● **WHAT YOU NEED TO DO**:
All entries are to be quoted exactly; the images stay out of the copy.

● **RECORDS TO PROCESS**:

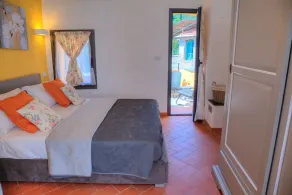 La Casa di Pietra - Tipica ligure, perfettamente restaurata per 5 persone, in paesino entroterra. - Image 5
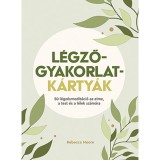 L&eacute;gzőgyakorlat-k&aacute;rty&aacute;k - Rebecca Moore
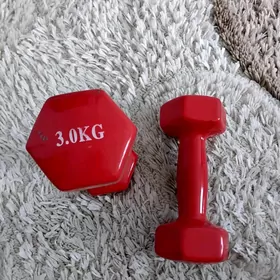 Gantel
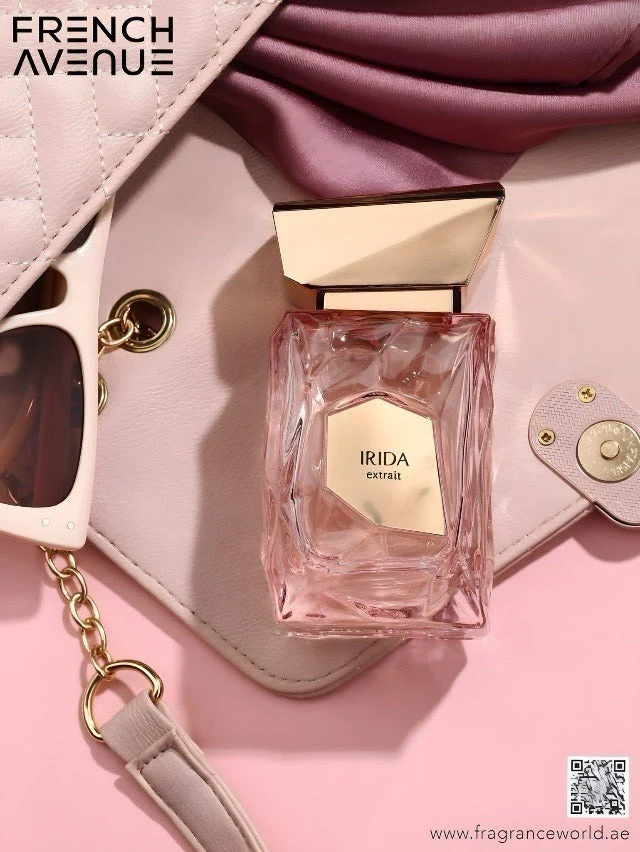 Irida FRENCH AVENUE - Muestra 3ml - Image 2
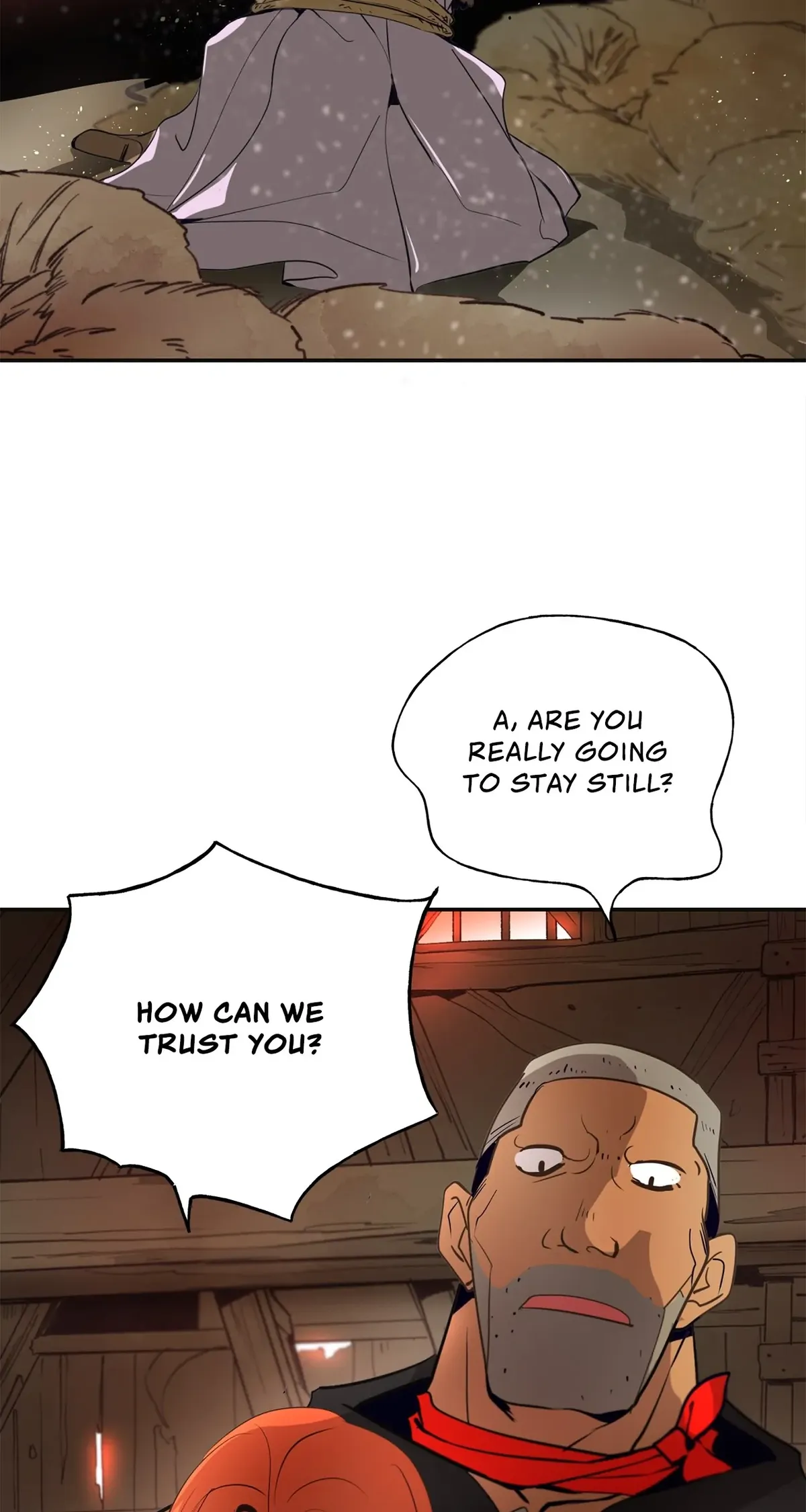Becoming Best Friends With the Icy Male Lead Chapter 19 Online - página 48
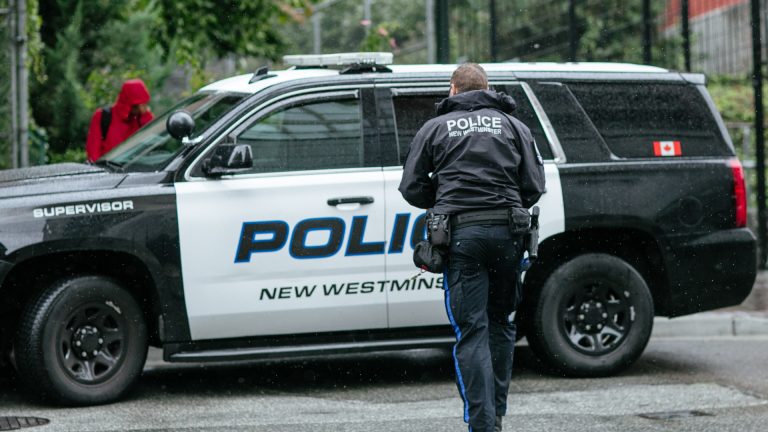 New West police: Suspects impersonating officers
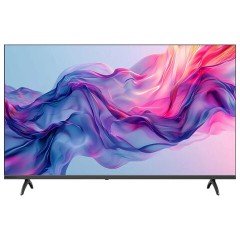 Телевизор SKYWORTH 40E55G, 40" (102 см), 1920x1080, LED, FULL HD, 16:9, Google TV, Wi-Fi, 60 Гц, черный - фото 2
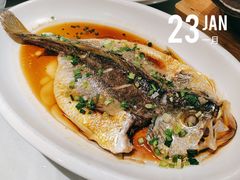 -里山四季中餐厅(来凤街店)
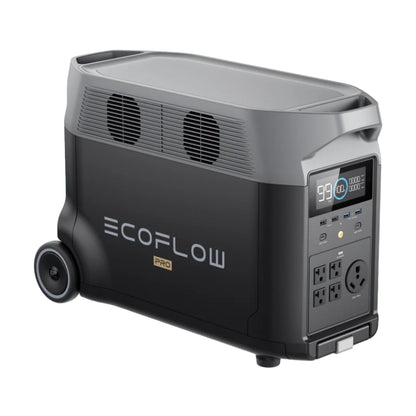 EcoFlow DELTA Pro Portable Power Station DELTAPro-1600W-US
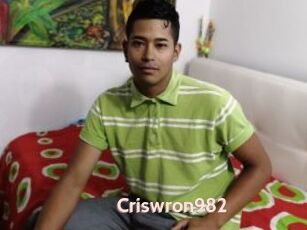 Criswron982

● **COMPLETED EXERCISE**:
 La Casa di Pietra - Tipica ligure, perfettamente restaurata per 5 persone, in paesino entroterra. - Image 5
 L&eacute;gzőgyakorlat-k&aacute;rty&aacute;k - Rebecca Moore
 Gantel
 Irida FRENCH AVENUE - Muestra 3ml - Image 2
Becoming Best Friends With the Icy Male Lead Chapter 19 Online - página 48
 New West police: Suspects impersonating officers
 Телевизор SKYWORTH 40E55G, 40" (102 см), 1920x1080, LED, FULL HD, 16:9, Google TV, Wi-Fi, 60 Гц, черный - фото 2
 -里山四季中餐厅(来凤街店)
 EcoFlow DELTA Pro Portable Power Station DELTAPro-1600W-US
 Criswron982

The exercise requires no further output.